- Born: James Douglas Griffin Syracuse, New York
- Education: Brown University; Harvard Medical School;
- Scientific career
- Workplaces: Dana–Farber Cancer Institute; Harvard Medical School; Brigham and Women's Hospital;

= James D. Griffin (oncologist) =

American onocologist

James D. Griffin is an American physician-scientist. He is currently Professor of Medicine at Harvard Medical School, Chair of Medical Oncology at Dana–Farber Cancer Institute, and Director of Medical Oncology at Brigham and Women's Hospital. He is considered an expert in medical oncology and is widely recognized for his research in the clinical and biologic aspects of hemotologic malignancies.

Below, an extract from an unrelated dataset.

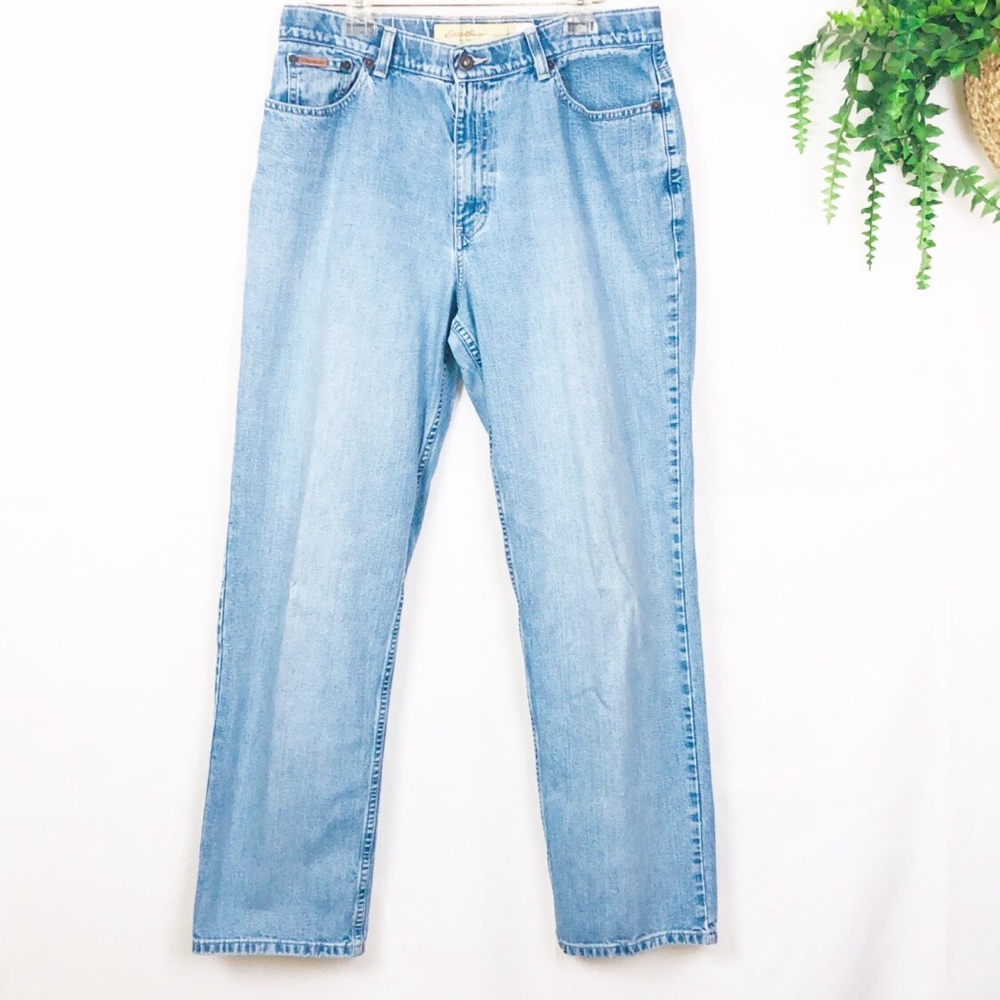 Eddie Bauer High Rise Mom Jeans Plus Size 14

== Education and career ==
He completed a Bachelor of Arts at Brown University in 1970 and earned an M.D. from Harvard Medical School in 1974. Griffin completed his residency at Johns Hopkins Hospital, a hematology fellowship at Massachusetts General Hospital, and a medical oncology fellowship at Dana–Farber Cancer Institute.

He is on the scientific advisory boards of Phio Pharmaceuticals, the Georgetown Lombardi Comprehensive Cancer Center, and the Johns Hopkins Cancer Center.

Griffin was born in Syracuse, New York. He is a seventh-generation Irish American.